---E.W., Minneapolis, MN
A. The moment you step away from an unmanaged index you are, once again, in the manager picking game. So I don't think the answer is in any particular managed fund. The problem with the small cap indices is that they have more "doors" than a large cap index. In a large cap index, growing companies enter and never leave. They displace companies that have failed to grow as rapidly. In effect, a large cap index fund has a "survivor" bias.
The same can't be said for other parts of the index spectrum. In a small cap index, such as the Russell 2000, many of the fastest growing companies are removed index each year because they have "outgrown" the index. They are passed on to a larger cap index and take their performance with them. The Vanguard Small Cap Index fund, which mimics the Russell 2000 index, has been below the 50th percentile in every measurement time period--- 1, 3, 5, 10, and 15 years. That means managed funds have done better.
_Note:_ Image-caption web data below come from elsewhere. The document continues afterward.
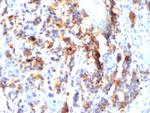MUC5AC (Mucin 5AC/Gastric Mucin) Monoclonal Antibody (SPM297)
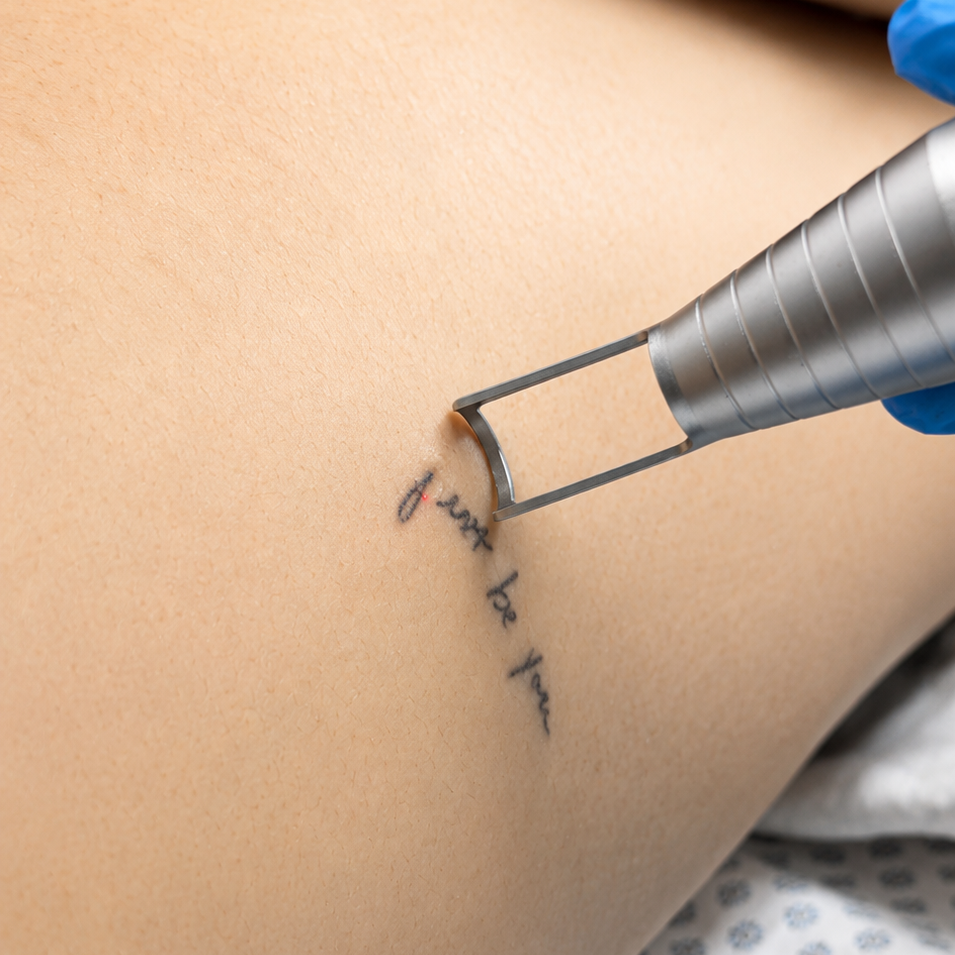Eliminación de tatuaje 7 a 10 cm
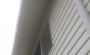 Few Signs That Indicate When to Have Your Fascia Repair in V Few Signs That Indicate When to Have Your Fascia Repair in V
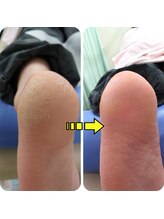 どうはく堂 西勝山接骨院/踵のガサガサ角質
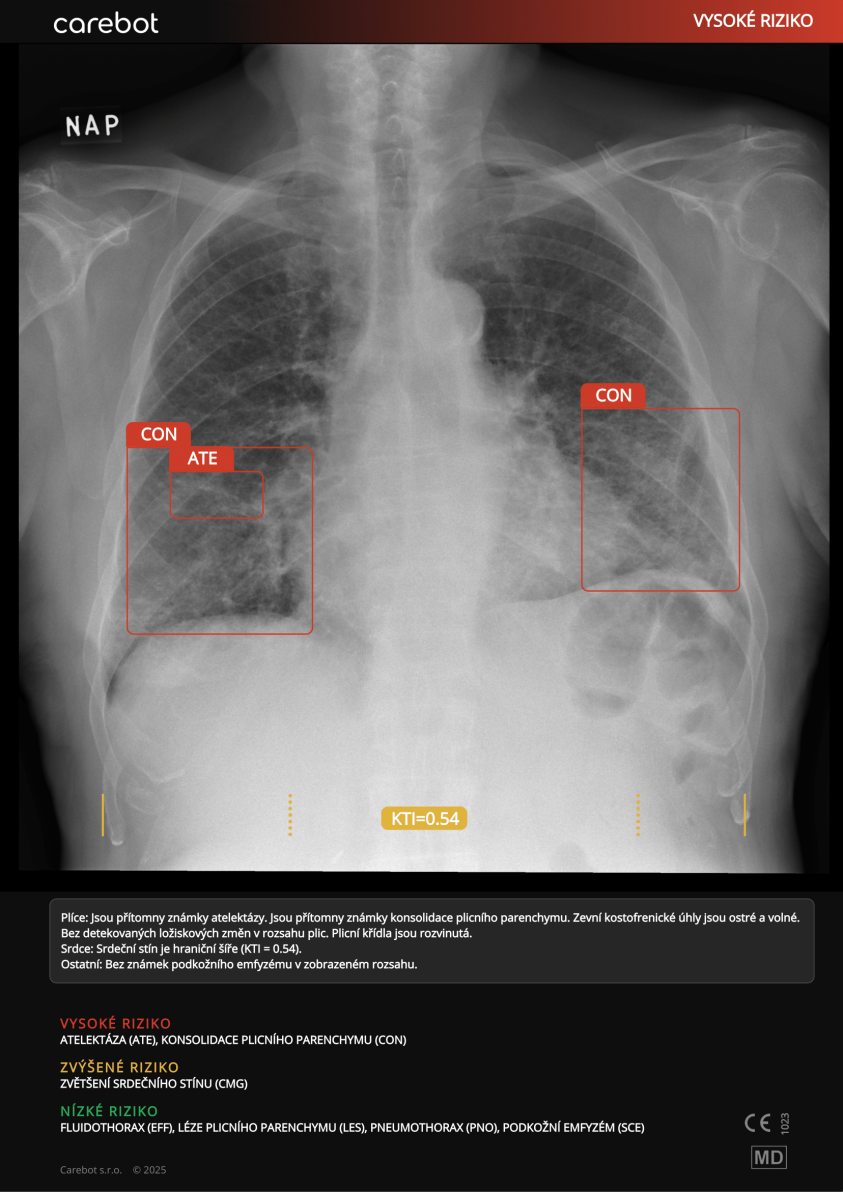 AI CXR_2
Rather than trying to find a small cap fund, I'd think about enlarging the scope of the index you use. You could, for instance, expand from the S&P 500 Index to the Russell 1000 Index. You'd miss as many as 6,000 publicly traded companies but you would still capture about 90 percent of market capitalization in America. And you would still be a passive investor rather than a segment player or manager selector.
Q. Per one of your recent columns, I did notice from the semi-annual report on the Templeton Foreign Fund about the unrealized appreciation. It stood around 5% of the cost of investments "for income tax purposes." But what does this "unrealized appreciation" really mean? I guess it is similar to the unrealized capital gains that often cause me a lot of tax without actual investment benefits since they do not contribute to any investment return. Your clarification?
---C. Y. C., by e-mail
A. The subject of unrealized capital gains in mutual funds is one of the most difficult things for investors to understand. A good way to start is to remember that taxable events in mutual funds have two sources, not one:
• When you buy the fund its net asset value per share (N.A.V.) may be $10.00 but there may be unrealized net capital gains or losses. Someday, somehow, those gains will probably be distributed to you. In effect, you have "bought a tax liability." There is absolutely nothing you can do about this except to avoid funds that have large unrealized capital gains. With the fund you mentioned, a 5 percent unrealized capital gain could eventually be translated into a capital gains distribution that would cause you to pay federal income taxes equal to 1 percent of your original investment. That's not bad. Most people are concerned about this because they have bought a fund and received a large distribution even as the N.A.V. of the fund has declined.
• The second source of taxable events is a lot more comfortable--- our own sell decisions. We buy at a particular NAV and we hope to sell at a higher NAV. Most people focus on these figures and forget about the first, even though unrealized capital gains were in the fund long before.